The steadicam changed all that. A rig that could be mounted to the camera operator, allowing the camera to float easily around its subjects, it expanded the cinematic language almost overnight. Bound For Glory, a biopic about Woody Guthrie directed by stoned-out auteur Hal Ashby, was the first film to feature the steadicam, but within years, it had been utilised by everyone from Sylvester Stallone to John Schlesinger.

From left: Jack Nicholson, set documentarian Vivian Kubrick, Brown, Kubrick and clapper loader Kate (née Peter) Robinson on the Overlook stage. Image by Garrett Brown

But it was on The Shining that the steadicam showed its full potential. Prior to Kubrick’s use of the device, the steadicam had been deployed sparingly, mostly to capture figures moving at speed — Stallone running the Philadelphia streets in Rocky, Dustin Hoffman stumbling through the night while besieged by forces he could not name, let alone face, in Marathon Man. Kubrick, however, made the device the centre of his cinematic language.
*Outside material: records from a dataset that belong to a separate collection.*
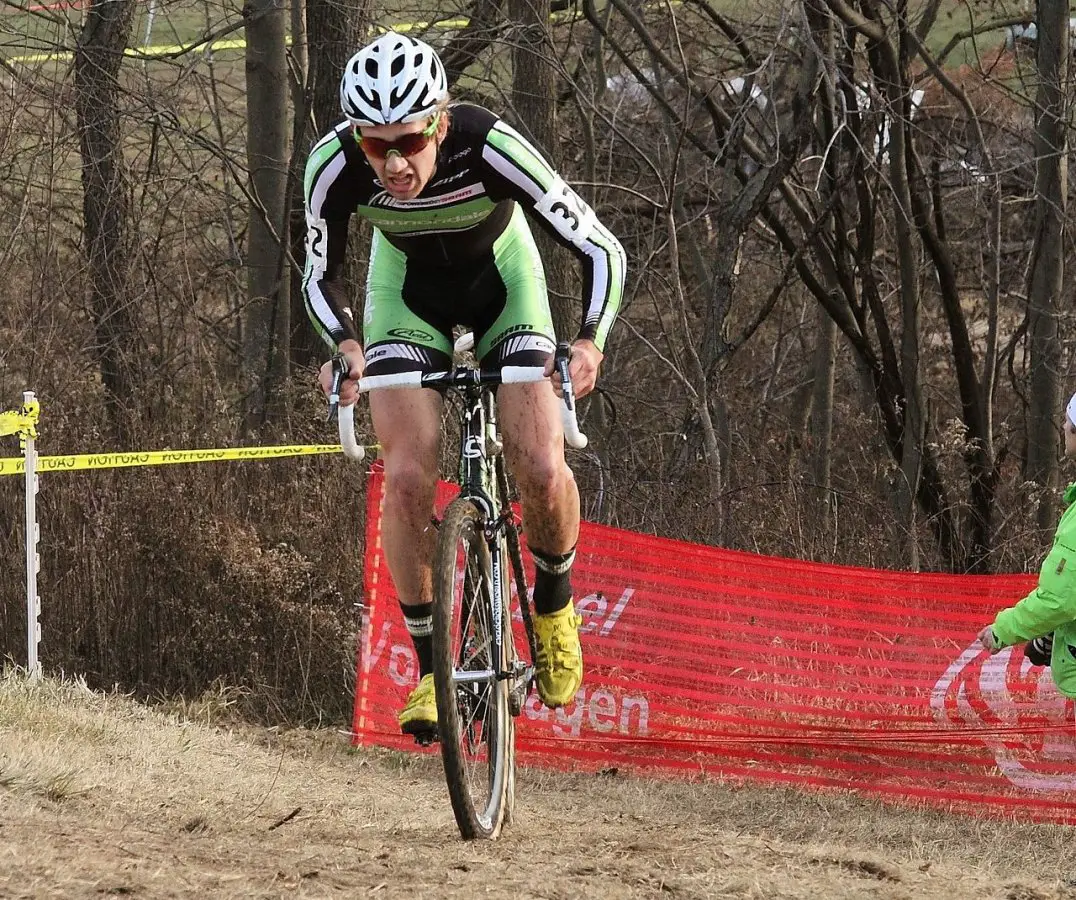 Driscoll went from student Saturday to professor Sunday. Jingle Cross 2010 Day 3. © Michael McColgan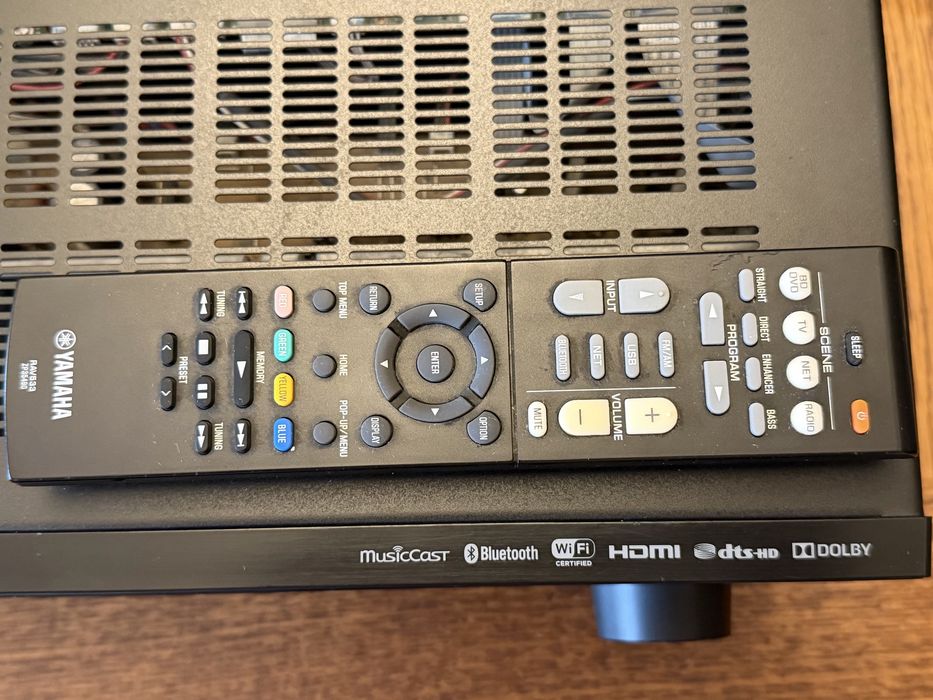Receiver AV  7.2 Yamaha RX-V583 – Dolby Atmos  5.1  HTR-4068 (4K, Wi-Fi, Bluetooth, MusicCast)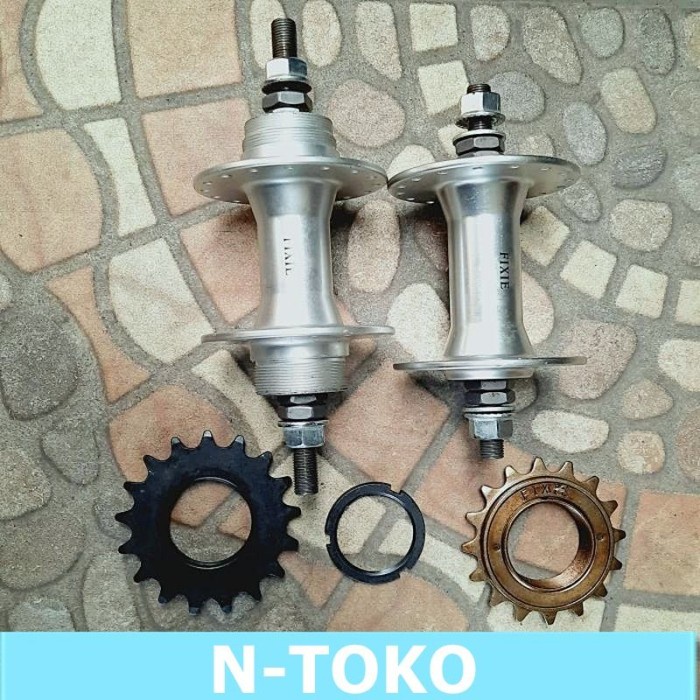 NAP HUB 32H FIXIE ALLOY SILVER Sepeda Sparepart Termurah *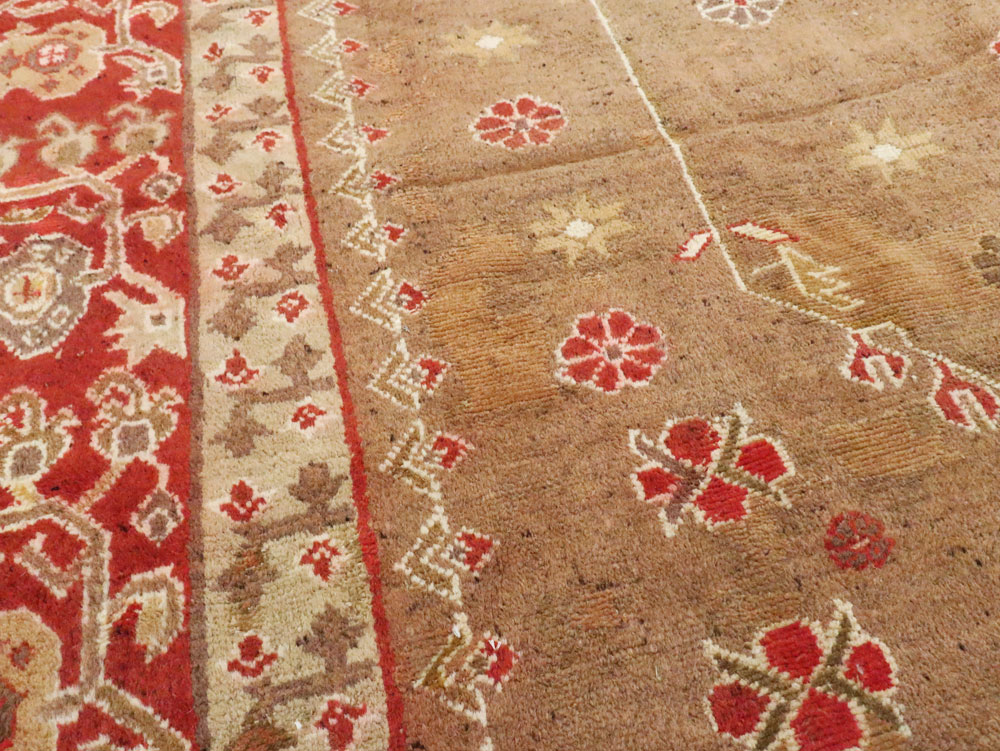 Vintage Indian Mazalpatan Carpet, No.24138 - Galerie Shabab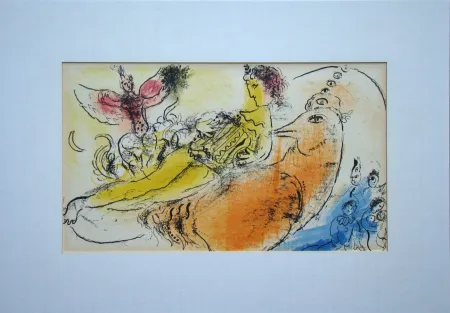 石版画 Chagall - L'Accordéoniste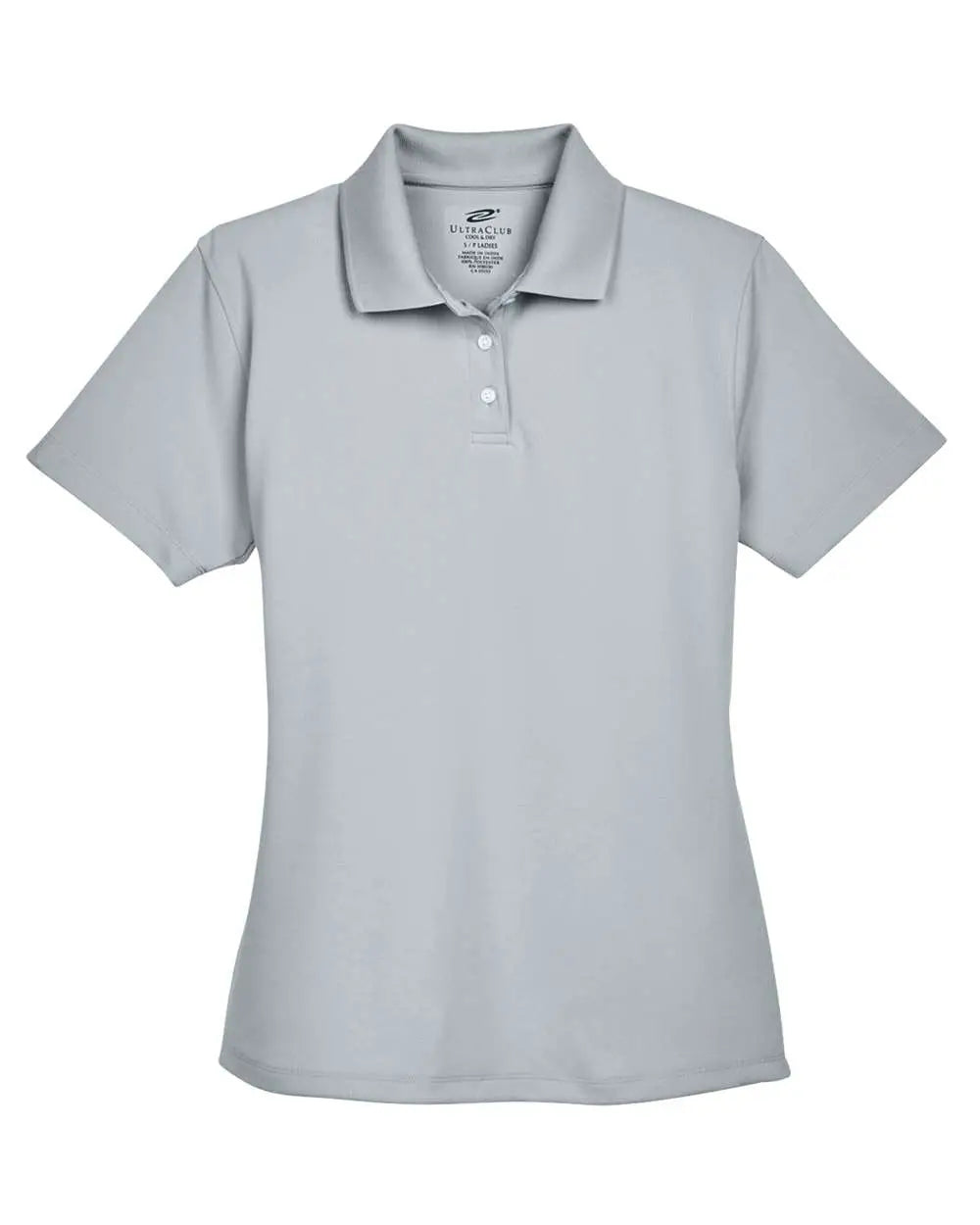 Ultraclub 8445l Women’s Cool & Dry Stain-release Performance Polo - Silver - Gray / Xs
For him, it was no mere means of filming sudden bursts of movement: it had an eerie, gliding quality that allowed him to move inhumanly, to dance between his doomed protagonists as they fought futile and bloodied wars with themselves.

Almost all of the most famous scenes in The Shining — the young Danny Torrance wheeling through the corridors of the Overlook before running into the horrifying vision of a pair of twins; Wendy stumbling backwards up the steps, wildly swinging a bat, while her deranged husband comes for her — were captured with the steadicam. But even the film’s quieter, more restrained moments were shot using the device too. A single sequence, early in the film, in which Wendy and Danny talk at a dining room table, was shot with steadicam, the camera gently, almost invisibly, moving from side-to-side while the pair talk. The message: that even before the eruption of madness, something eerie sat at the heart of the Torrance family.

Image: The Shining via Warner Bros. Pictures

The Shining is not the same film without the steadicam. It would lack its eerie eye — its terrible, haunting quality, that kind of painful embodied nature, as though we too are wandering the echoing halls of the Overlook hotel, watching a family in terminal decline. How fitting then, that amidst the torturous production of the film, a love story would emerge between two men — a director and an inventor — and the device that allowed them to tell the story they had always wanted to tell. Humanity that makes cruelty all the more unimaginable, cruelty that makes humanity more beautiful — behind the camera, as well as in front of it.